Keldani Kilisesi Patriği, hakkında açılan davanın ardından Bağdat'tan ayrılarak Erbil’e sığındıhttps://turkish.aawsat.com/arap-d%C3%BCnyasi/4435901-keldani-kilisesi-patri%C4%9Fi-hakk%C4%B1nda-a%C3%A7%C4%B1lan-davan%C4%B1n-ard%C4%B1ndan-ba%C4%9Fdattan-ayr%C4%B1larak
Keldani Kilisesi Patriği, hakkında açılan davanın ardından Bağdat'tan ayrılarak Erbil’e sığındı
Patrik Luois Sako, Irak Cumhurbaşkanı’nı ve Keladani Babiliyyun Hareketi liderini sert bir dille eleştirdi
Irak Cumhurbaşkanı Abdullatif Raşid ile Irak’taki Keldani Kilisesi Patriği ve akademisyen Kardinal Louis Raphael Sako arasında geçtiğimiz aralık ayında yapılan görüşmeden bir kare (Irak Cumhurbaşkanlığı)
Keldani Kilisesi Patriği, hakkında açılan davanın ardından Bağdat'tan ayrılarak Erbil’e sığındı
Irak Cumhurbaşkanı Abdullatif Raşid ile Irak’taki Keldani Kilisesi Patriği ve akademisyen Kardinal Louis Raphael Sako arasında geçtiğimiz aralık ayında yapılan görüşmeden bir kare (Irak Cumhurbaşkanlığı)
Keldani Kilisesi Patriği Kardinal Louis Raphael Sako ile Irak Cumhurbaşkanı Abdüllatif Raşid ve Keladani Babiliyyun Hareketi lideri Reyyan Keldani arasındaki gerilimin yankıları hem Irak’ta hem de dünyada devam ediyor.

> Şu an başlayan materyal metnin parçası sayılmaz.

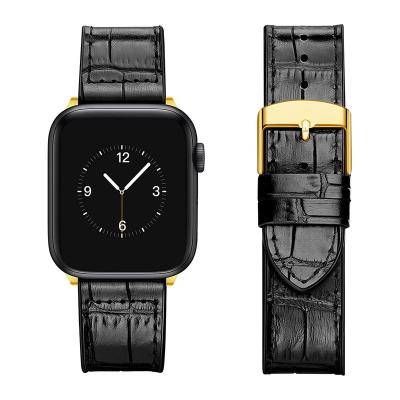 China Natural High End Classic Pattern Fancy Bamboo Watch Band For Apple Watch 8 42mm Genuine Leather Strap Band 38mm for sale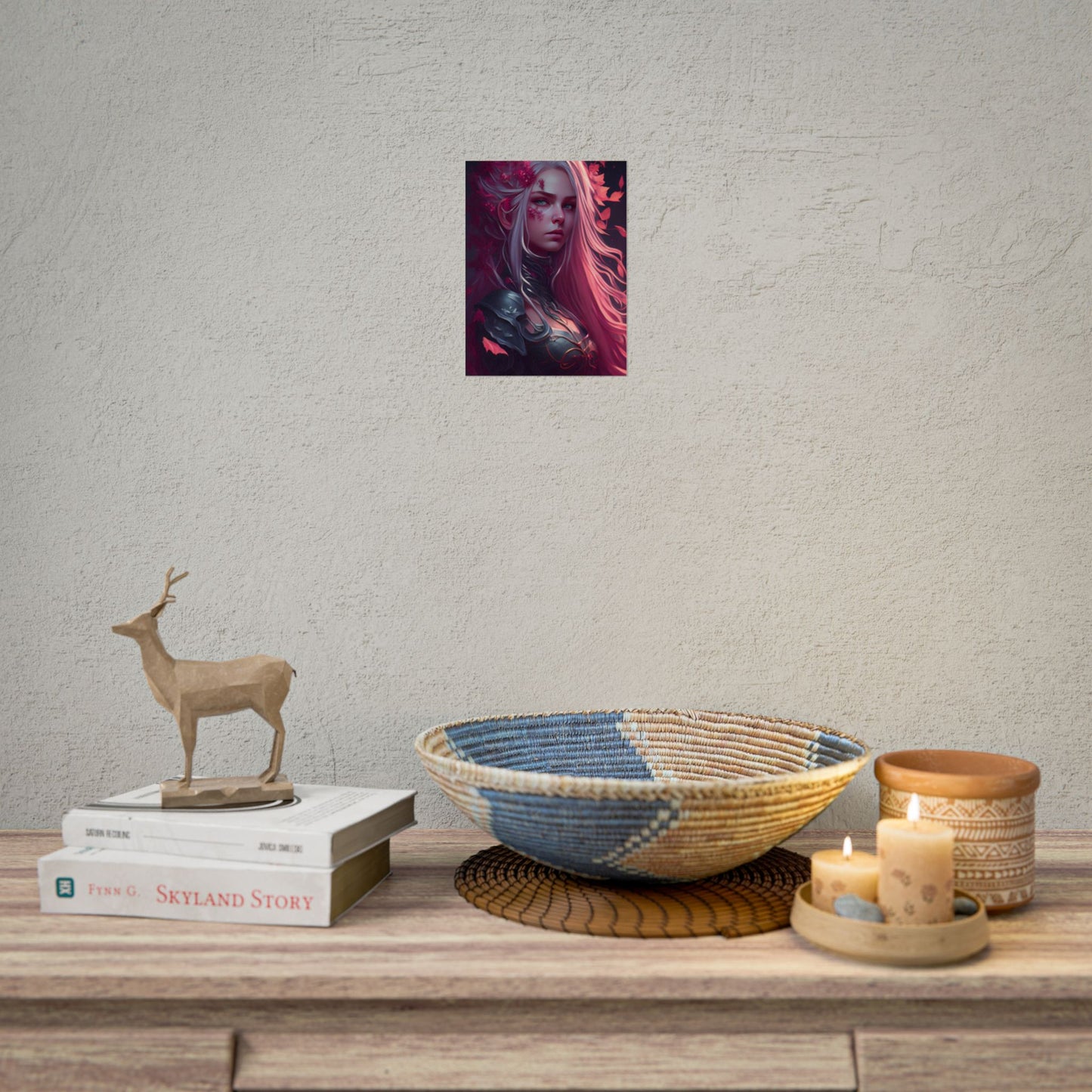 Astonishing Female Portrait with Pink Hair: Artistic Vision - Poster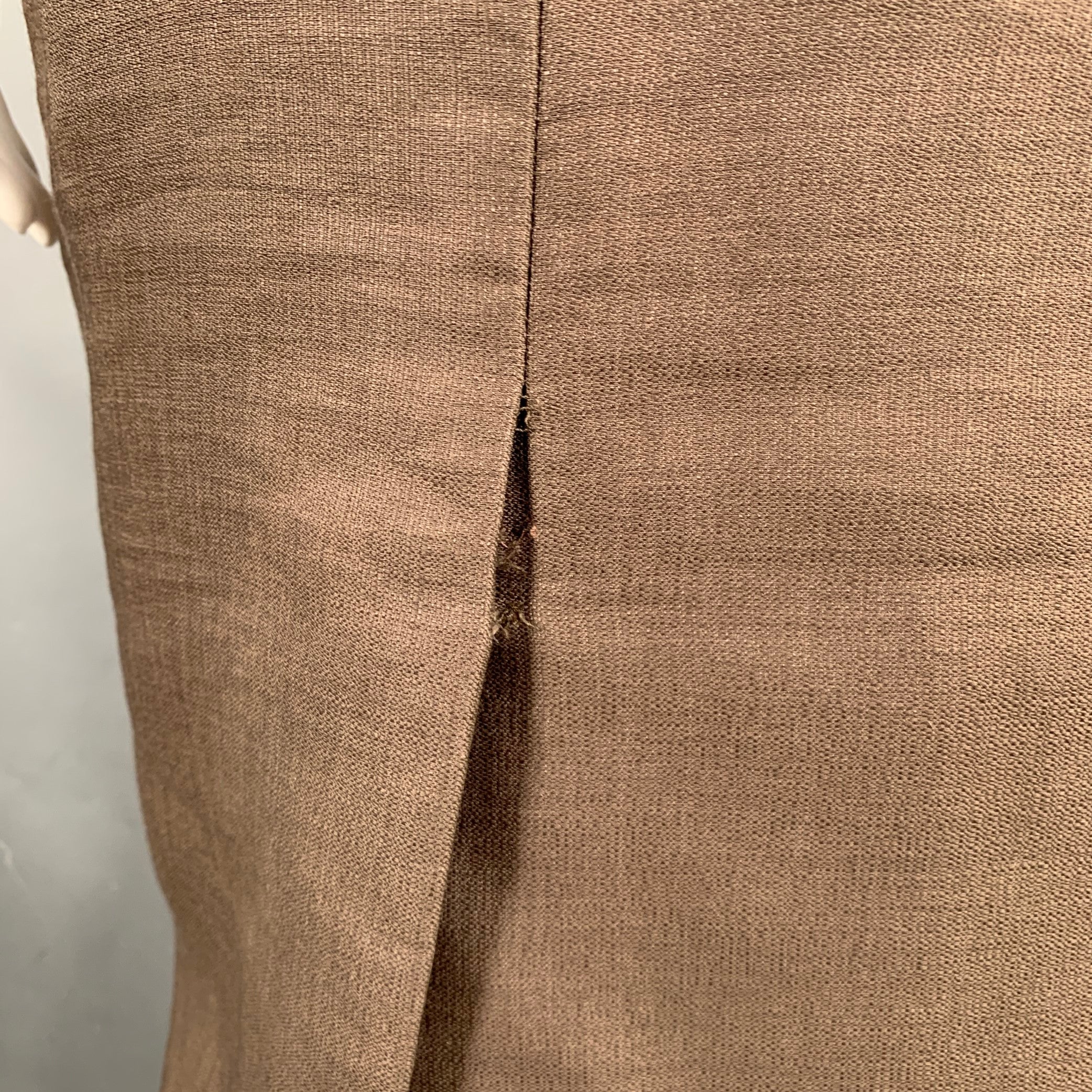 VERSACE Size 2 Brown Silk Wool Strappy Dress - Image 5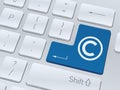 Copyright concept on button of white computer keyboard. Royalty Free Stock Photo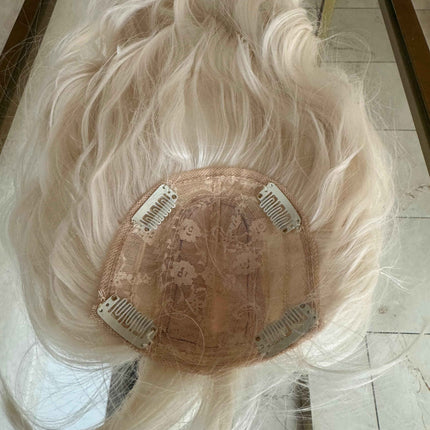 Till style  creamy white / white blonde  hair toppers for women  /bangs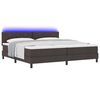 vidaXL Cama tipo Box Spring con LED Marr&oacute;n Oscuro 200 x 200 cm tela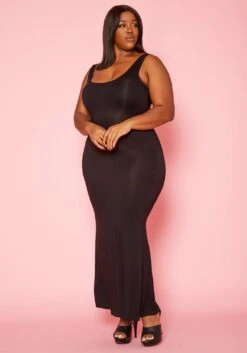 Plus Size Basic Bodycon Tank Maxi Dress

Irak Cumhurbaşkanı Abdullatif Reşid, Babiliyyun Hareketi lideri Reyyan Keldani ile Irak Keldani Katolikleri Patriği Louis Rafael Sako arasında yaşanan tartışmanın ardından 2013 tarihinde eski Cumhurbaşkanı Celal Talabani döneminde çıkan 147 sayılı cumhurbaşkanlığı kararnamesini iptal ederek Keldani Kilisesi Patriği Luois Sako'yu görevinden azletti. Irak yargısı da dün, Reyyan Keldani tarafından kendisine yöneltilen önceki bir şikayete dayanarak Patrik Sako’nun tebliğ tarihinden itibaren en fazla 48 saat içinde yargı önüne çıkarılması talimatı verdi.
Yargı tarafından yayınlanan belgeye göre Keldani, Sako'yu iftira ile suçladı. Patrik Sako, ifade vermek üzere adliyeye gelmediği takdirde hakkında tutuklama emri çıkarılacak.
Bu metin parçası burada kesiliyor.